Electrical signals, such as power and/or input/output (I/O) signals, may be routed to and/or from the devices (e.g., transistors 1340) of the device layer 1304 through one or more interconnect layers disposed on the device layer 1304 (illustrated in FIG. 13 as interconnect layers 1306-1310).

For example, electrically conductive features of the device layer 1304 (e.g., the gate 1322 and the S/D contacts 1324) may be electrically coupled with the interconnect structures 1328 of the interconnect layers 1306-1310. The one or more interconnect layers 1306-1310 may form a metallization stack (also referred to as an “ILD stack”) 1319 of the IC device 1300.

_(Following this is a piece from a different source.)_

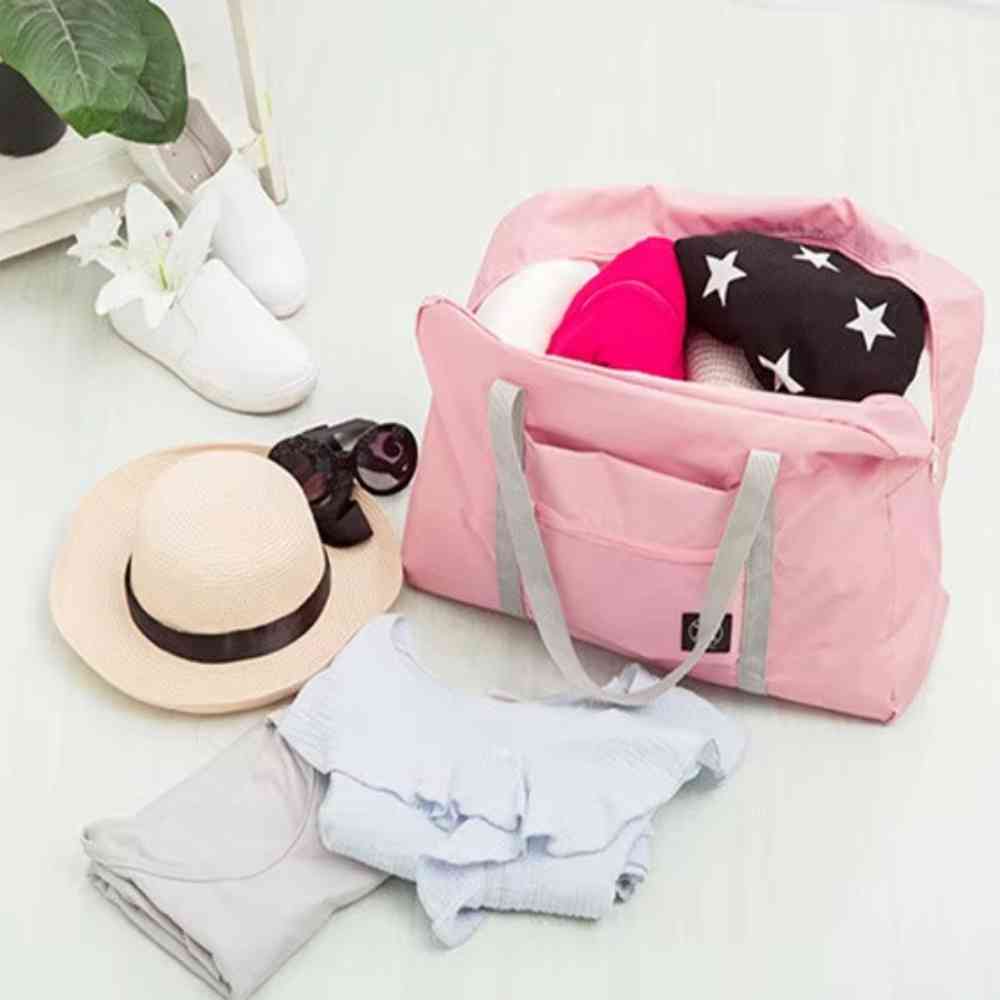 Bolsa de Academia e Viagens Dobrável Rosa Salmão Urbanno, aberta, com roupas e acessórios de viagem ao redor, demonstrando sua capacidade e facilidade para organizar pertences.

The interconnect structures 1328 may be arranged within the interconnect layers 1306-1310 to route electrical signals according to a wide variety of designs (in particular, the arrangement is not limited to the particular configuration of interconnect structures 1328 depicted in FIG. 13). Although a particular number of interconnect layers 1306-1310 is depicted in FIG. 13, examples of the present disclosure include IC devices having more or fewer interconnect layers than depicted.

In some examples, the interconnect structures 1328 may include lines 1328a and/or vias 1328b filled with an electrically conductive material such as a metal. The lines 1328a may be arranged to route electrical signals in a direction of a plane that is substantially parallel with a surface of the die substrate 1302 upon which the device layer 1304 is formed. For example, the lines 1328a may route electrical signals in a direction in and out of the page from the perspective of FIG. 13. The vias 1328b may be arranged to route electrical signals in a direction of a plane that is substantially perpendicular to the surface of the die substrate 1302 upon which the device layer 1304 is formed. In some examples, the vias 1328b may electrically couple lines 1328a of different interconnect layers 1306-1310 together.

The interconnect layers 1306-1310 may include a dielectric material 1326 disposed between the interconnect structures 1328, as shown in FIG. 13. In some examples, the dielectric material 1326 disposed between the interconnect structures 1328 in different ones of the interconnect layers 1306-1310 may have different compositions; in other examples, the composition of the dielectric material 1326 between different interconnect layers 1306-1310 may be the same.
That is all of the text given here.